I'm losing my edge to the art-school Spokane kids in little jackets and borrowed nostalgia for the unremembered nineties.

I'm losing my edge.
I'm losing my edge.
I can hear the footsteps every night on the decks.
But I was there.

I was there in 1968 at the first Bowie practice in a loft in Bromley.
I was working on the güiro sounds with much patience.
I was there when Lou Reed started up his first band.
I told him, "Don't do it that way. You'll never make a dime."
I was there.
I was the first guy playing The Velvet Underground to the grime kids.
I played it at the Troubador.
Everybody thought I was crazy.
We all know.
I was there.
I was there.
I've never been wrong.

But I'm losing my edge to better-looking people with better ideas and more talent.
And they're actually really, really nice.

I'm losing my edge.

I heard you have a compilation of every good song ever done by anybody.
Every great song by Minny Pops. All the underground hits.

All the Soft Cell tracks. I heard you have a vinyl of every MDC record on German import.

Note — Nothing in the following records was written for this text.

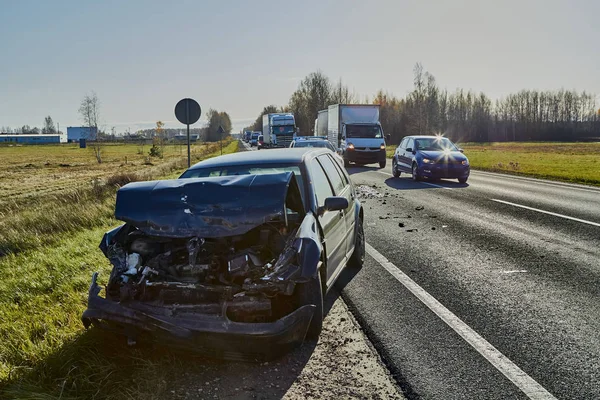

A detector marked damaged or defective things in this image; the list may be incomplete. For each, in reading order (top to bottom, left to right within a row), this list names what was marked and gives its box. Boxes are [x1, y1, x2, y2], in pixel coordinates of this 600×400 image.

detached front bumper [344, 148, 386, 164]
crumpled hood [113, 172, 298, 238]
crushed front end of car [83, 172, 324, 360]
damaged dark car [82, 148, 366, 360]
detached front bumper [82, 274, 316, 360]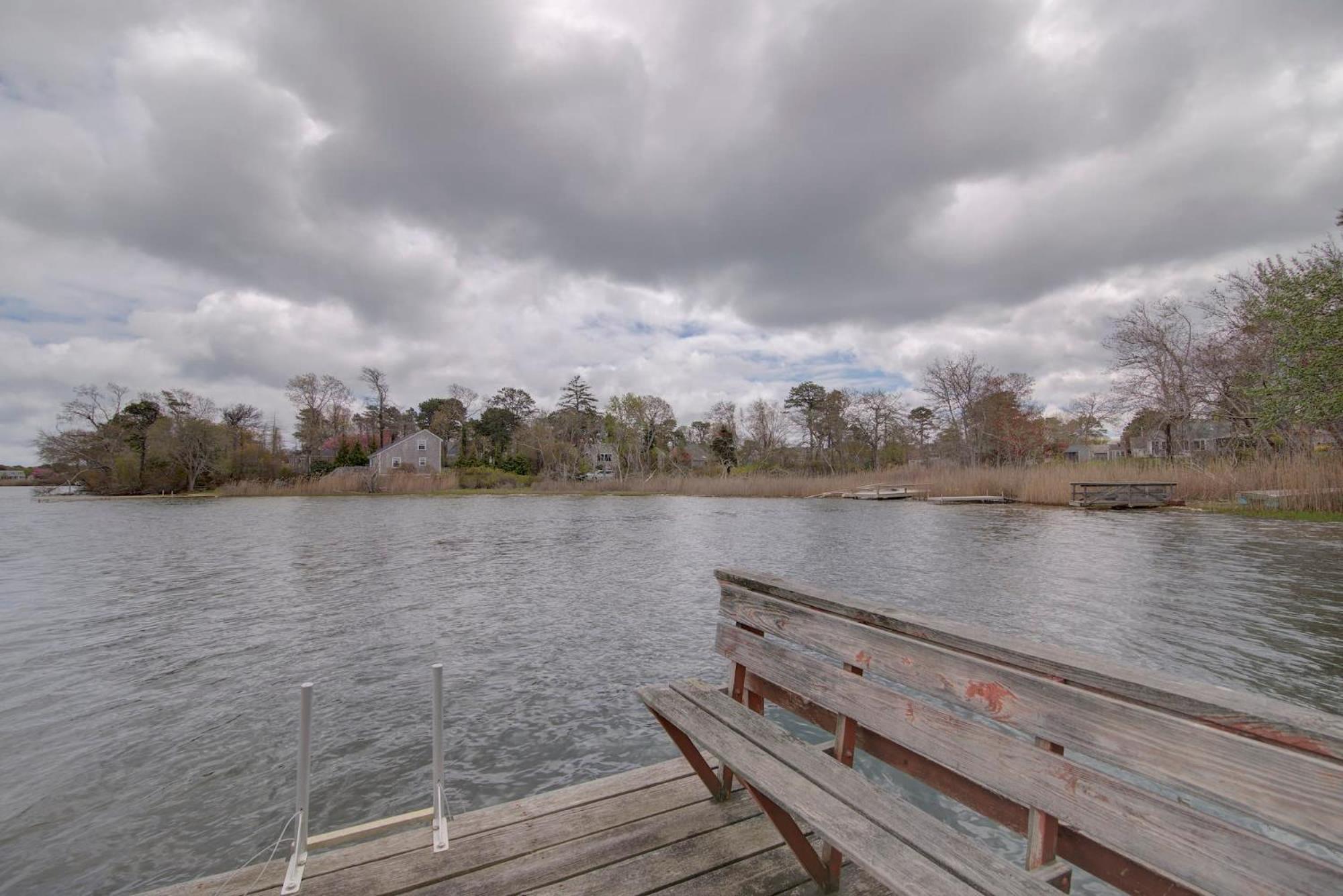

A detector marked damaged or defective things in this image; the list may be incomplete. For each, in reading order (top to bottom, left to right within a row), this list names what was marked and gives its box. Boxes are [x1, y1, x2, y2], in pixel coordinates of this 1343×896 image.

I heard that you have a white label of every seminal electroclash hit - 1985, '86, '87.
I heard that you have a CD compilation of every good '50s cut and another box set from the '80s.

I hear you're buying a rhodes and an oboe and are throwing your macbook out the window because you want to make something real. You want to make a The Moleskins record.

I hear that you and your band have sold your spring reverb and bought an organ.
I hear that you and your band have sold your organ and bought a spring reverb.

I hear everybody that you know is more relevant than everybody that I know.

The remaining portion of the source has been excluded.